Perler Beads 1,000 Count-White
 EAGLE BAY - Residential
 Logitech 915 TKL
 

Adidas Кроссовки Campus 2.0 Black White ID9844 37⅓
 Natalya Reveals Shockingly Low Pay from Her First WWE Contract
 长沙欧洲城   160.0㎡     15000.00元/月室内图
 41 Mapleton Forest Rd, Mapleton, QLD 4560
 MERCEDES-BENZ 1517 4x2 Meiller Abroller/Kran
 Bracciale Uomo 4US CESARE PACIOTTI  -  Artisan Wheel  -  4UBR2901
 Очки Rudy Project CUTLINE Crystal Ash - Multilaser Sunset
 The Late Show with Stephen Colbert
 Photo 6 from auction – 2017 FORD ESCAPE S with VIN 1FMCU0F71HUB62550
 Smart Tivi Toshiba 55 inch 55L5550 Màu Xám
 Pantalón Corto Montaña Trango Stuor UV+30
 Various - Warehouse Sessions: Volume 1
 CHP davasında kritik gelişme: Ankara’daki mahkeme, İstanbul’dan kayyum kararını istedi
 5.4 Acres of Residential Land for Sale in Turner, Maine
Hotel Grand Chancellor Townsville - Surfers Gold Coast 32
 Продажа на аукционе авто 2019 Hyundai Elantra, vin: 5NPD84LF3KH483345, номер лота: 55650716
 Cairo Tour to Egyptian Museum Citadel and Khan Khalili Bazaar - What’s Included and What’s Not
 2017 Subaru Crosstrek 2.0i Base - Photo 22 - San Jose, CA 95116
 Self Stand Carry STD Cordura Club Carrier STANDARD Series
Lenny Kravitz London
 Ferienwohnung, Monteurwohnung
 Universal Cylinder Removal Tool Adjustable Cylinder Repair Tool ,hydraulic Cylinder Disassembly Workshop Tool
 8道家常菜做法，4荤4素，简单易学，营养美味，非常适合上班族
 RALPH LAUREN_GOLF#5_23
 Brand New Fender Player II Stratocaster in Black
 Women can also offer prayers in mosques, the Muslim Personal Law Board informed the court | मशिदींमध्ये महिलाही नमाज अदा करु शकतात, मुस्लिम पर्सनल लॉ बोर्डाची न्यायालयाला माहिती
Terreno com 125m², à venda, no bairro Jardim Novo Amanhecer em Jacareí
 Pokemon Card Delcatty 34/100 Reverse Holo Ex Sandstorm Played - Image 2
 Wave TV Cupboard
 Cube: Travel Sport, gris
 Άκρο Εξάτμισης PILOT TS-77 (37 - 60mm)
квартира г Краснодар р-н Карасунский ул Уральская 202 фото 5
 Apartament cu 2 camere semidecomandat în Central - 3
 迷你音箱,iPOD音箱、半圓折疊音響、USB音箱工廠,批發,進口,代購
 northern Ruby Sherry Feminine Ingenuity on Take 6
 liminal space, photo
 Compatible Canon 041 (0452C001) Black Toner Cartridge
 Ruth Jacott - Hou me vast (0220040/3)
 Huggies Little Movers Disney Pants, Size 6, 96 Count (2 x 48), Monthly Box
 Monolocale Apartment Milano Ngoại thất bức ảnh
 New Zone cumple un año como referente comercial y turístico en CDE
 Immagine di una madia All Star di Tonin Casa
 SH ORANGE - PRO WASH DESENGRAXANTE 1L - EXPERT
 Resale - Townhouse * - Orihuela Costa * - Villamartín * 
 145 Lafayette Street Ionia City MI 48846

+++++

INSTRUCTIONS FOR THE TASK => Find where the line with "Self Stand Carry" sits in the material above, then copy exactly from it through the line with "Brand New Fender". Add no other line.

RESULT FOR THIS TASK =>
 Self Stand Carry STD Cordura Club Carrier STANDARD Series
Lenny Kravitz London
 Ferienwohnung, Monteurwohnung
 Universal Cylinder Removal Tool Adjustable Cylinder Repair Tool ,hydraulic Cylinder Disassembly Workshop Tool
 8道家常菜做法，4荤4素，简单易学，营养美味，非常适合上班族
 RALPH LAUREN_GOLF#5_23
 Brand New Fender Player II Stratocaster in Black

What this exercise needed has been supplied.